Publie le mardi 30 septembre 2008 par Open-PublishingEdito très intéressant de TC !
Les classes populaires du pays le plus endetté du monde ont dévissé les premières.
Voracités
par Ivan du Roy
Les marchés virtuels, célébrés à chaque clôture de place boursière, ont été rattrapés par l’économie réelle. Logique : à force de dégager des marges toujours plus rémunératrices pour les fonds spéculatifs, d’augmenter sans cesse les dividendes des actionnaires (la « création de valeur »...), d’accroître encore et encore les commissions des acrobates de la haute finance, de gonfler inlassablement des produits financiers aussi complexes que désincarnés, il fallait bien que, quelque part en bas, loin des cours vertigineux de Wall Street ou de la City, cela se paie.

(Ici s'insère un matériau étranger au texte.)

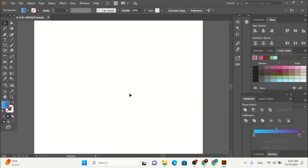Hello guys, welcome to my channel. In this video I'm going to show you how you can use shapes inside Adobe Illustrator. Using these built-in shapes is going to help you in building your brand, your vector, or any other shape you want to make. The built-in shapes available inside Adobe Illustrator really help you a lot to make any vector easily.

Ce sont les classes populaires du pays le plus endetté du monde qui ont dévissé les premières. La précarité, les licenciements, les faibles revenus qui leur ont été imposés par les uns pour multiplier leurs marges, ne leur ont plus permis de rembourser leurs emprunts consentis par les autres à des taux élevés pour augmenter leur rentabilité. Tellement avides et impatients de se nourrir sur une bête laborieuse et docile depuis tant d’années, les « marchés » ont oublié que leur survie – leurs dividendes et bénéfices – en dépendaient. La bête se meurt. Les riches ont paniqué.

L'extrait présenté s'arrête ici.